Below are some records. Return exactly their lines from the one containing "Wrecked Enraged High" through the one containing "Kemeja Flanel Pria Terbaru √COD√", and drop the pictures.

>>

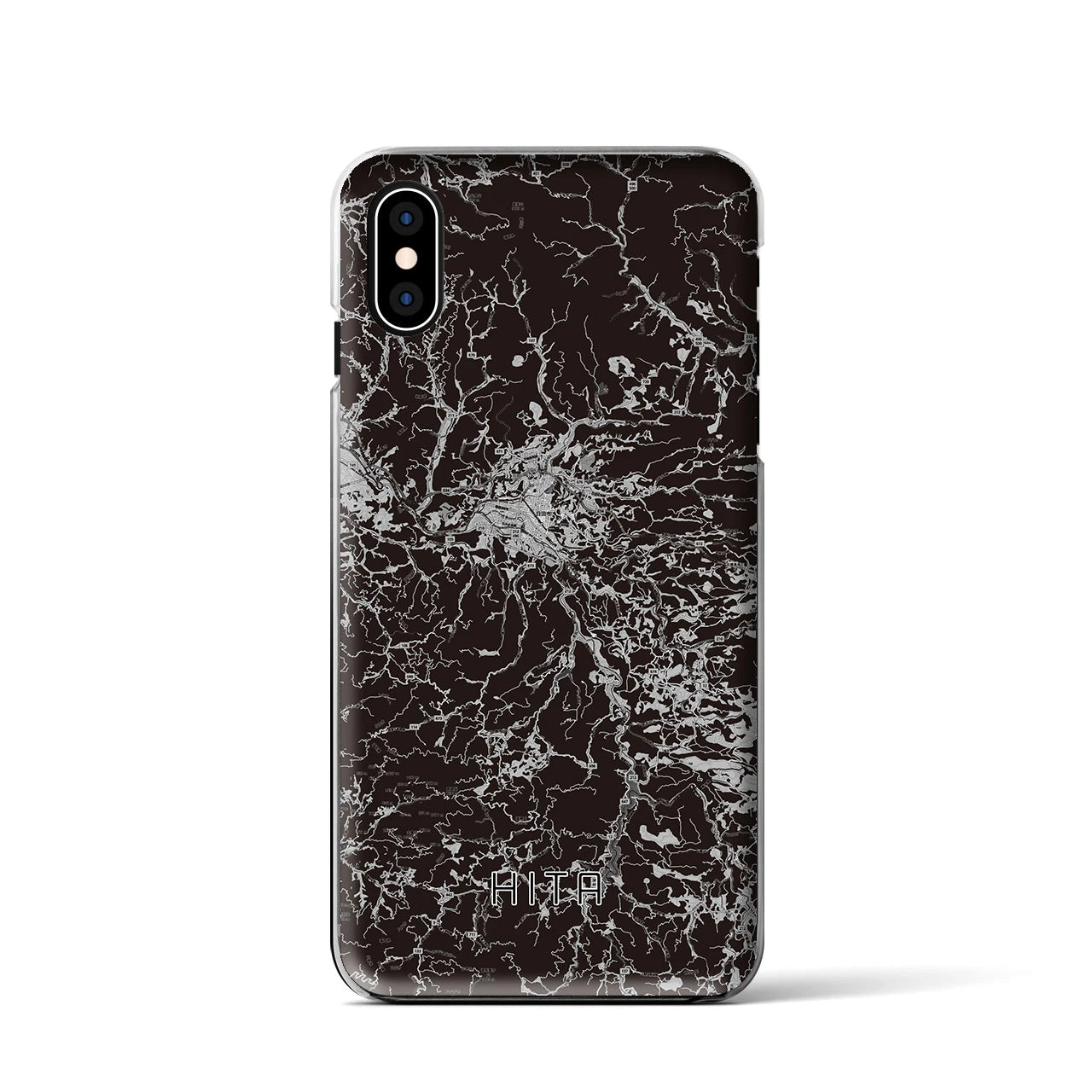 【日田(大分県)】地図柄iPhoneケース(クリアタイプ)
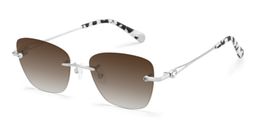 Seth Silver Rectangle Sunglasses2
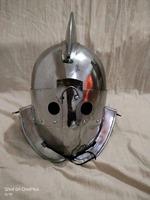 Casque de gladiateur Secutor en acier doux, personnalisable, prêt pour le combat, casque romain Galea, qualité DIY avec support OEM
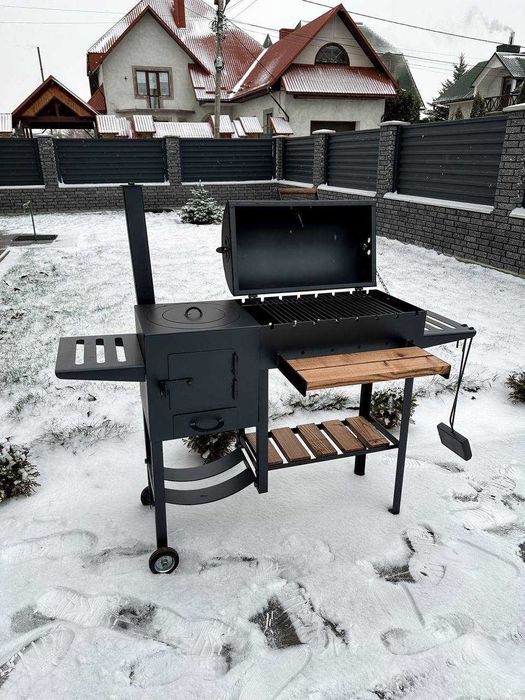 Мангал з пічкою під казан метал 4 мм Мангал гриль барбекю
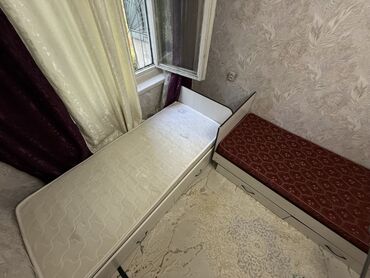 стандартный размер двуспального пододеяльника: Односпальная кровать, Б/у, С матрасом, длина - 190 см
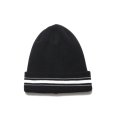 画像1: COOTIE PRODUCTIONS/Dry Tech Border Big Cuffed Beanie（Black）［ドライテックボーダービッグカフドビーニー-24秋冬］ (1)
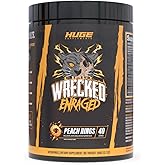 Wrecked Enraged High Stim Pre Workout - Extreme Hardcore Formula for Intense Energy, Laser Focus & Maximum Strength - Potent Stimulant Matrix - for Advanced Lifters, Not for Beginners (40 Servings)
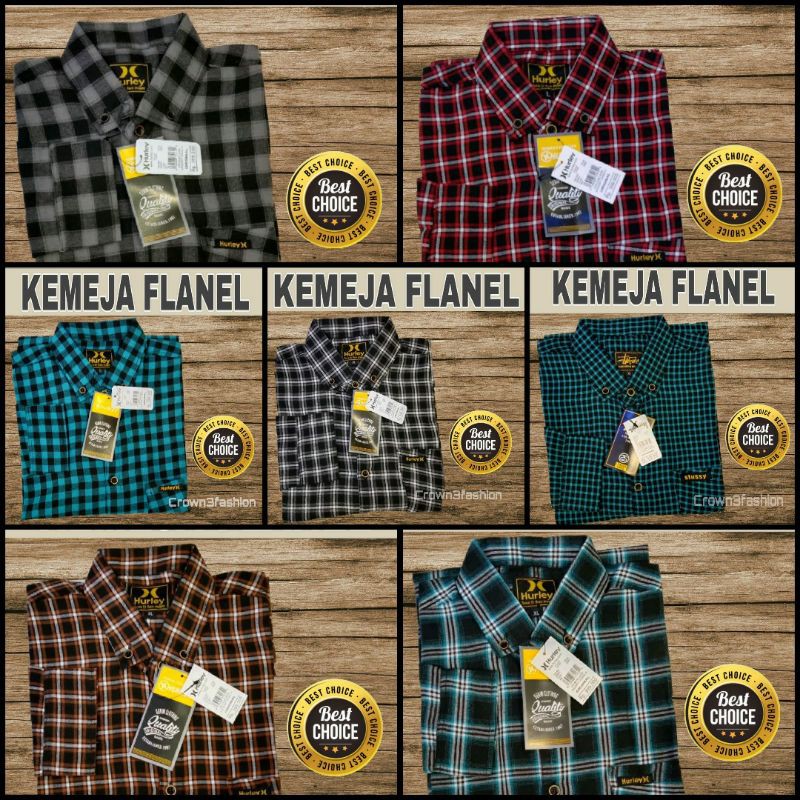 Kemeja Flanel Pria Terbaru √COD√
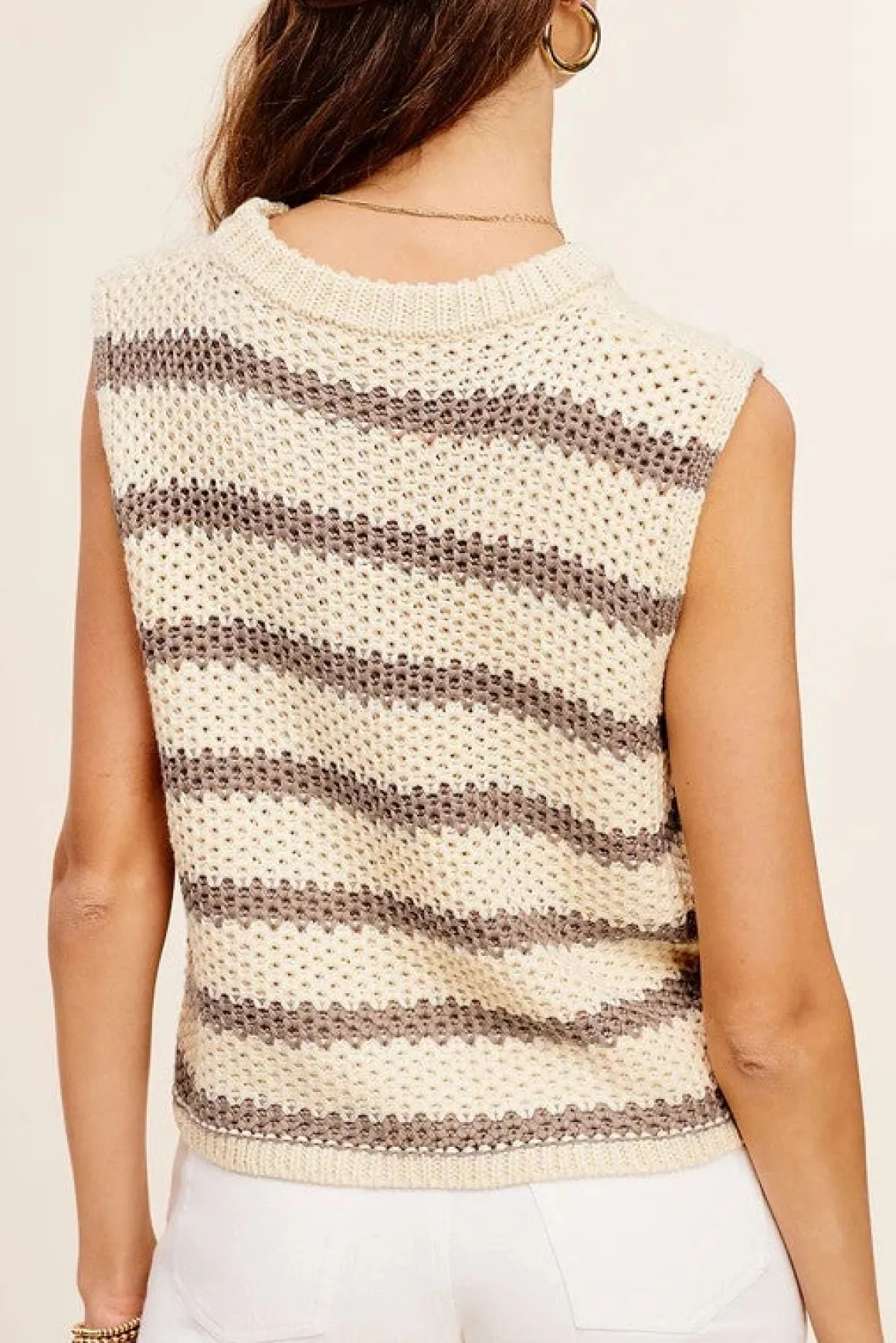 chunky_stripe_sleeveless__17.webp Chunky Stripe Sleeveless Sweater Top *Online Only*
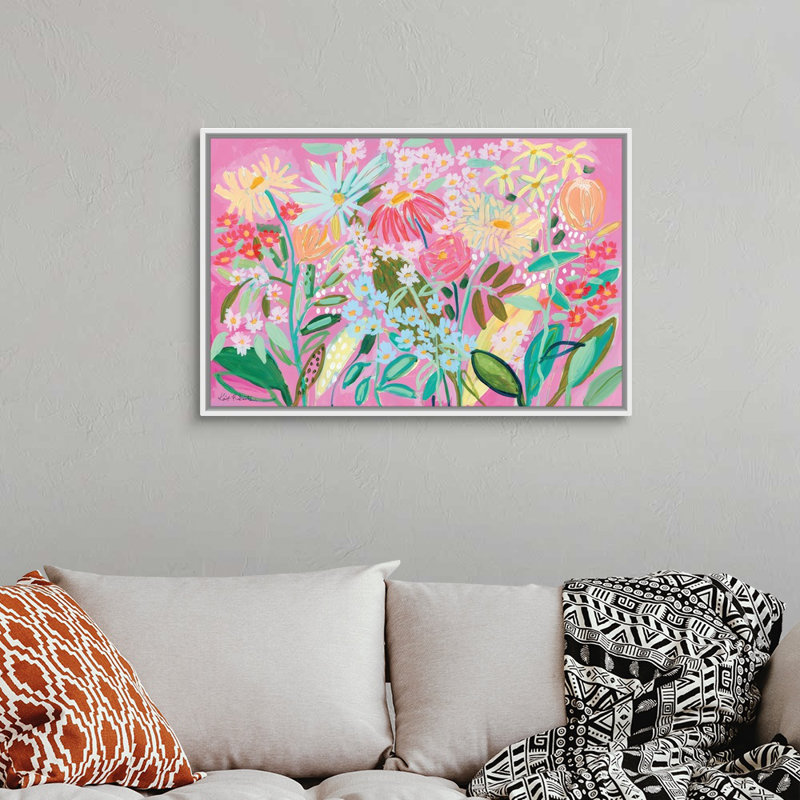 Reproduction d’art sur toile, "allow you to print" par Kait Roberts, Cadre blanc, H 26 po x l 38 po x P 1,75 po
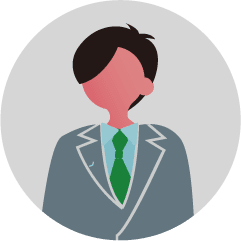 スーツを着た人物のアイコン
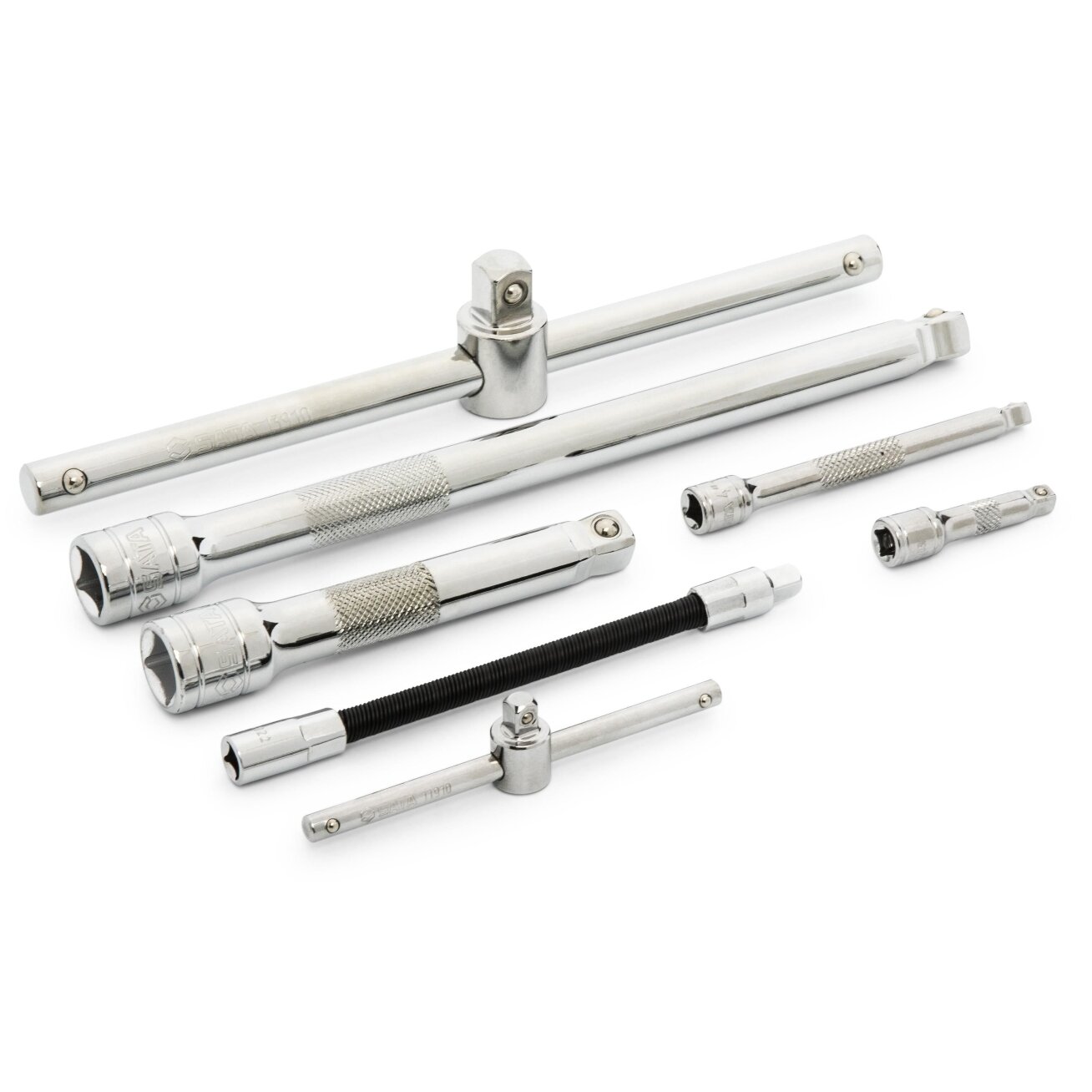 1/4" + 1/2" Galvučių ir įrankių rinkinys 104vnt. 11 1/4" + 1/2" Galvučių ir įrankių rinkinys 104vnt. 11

<<

## ANSWER FOR THIS EXERCISE
 Wrecked Enraged High Stim Pre Workout - Extreme Hardcore Formula for Intense Energy, Laser Focus & Maximum Strength - Potent Stimulant Matrix - for Advanced Lifters, Not for Beginners (40 Servings)
 Kemeja Flanel Pria Terbaru √COD√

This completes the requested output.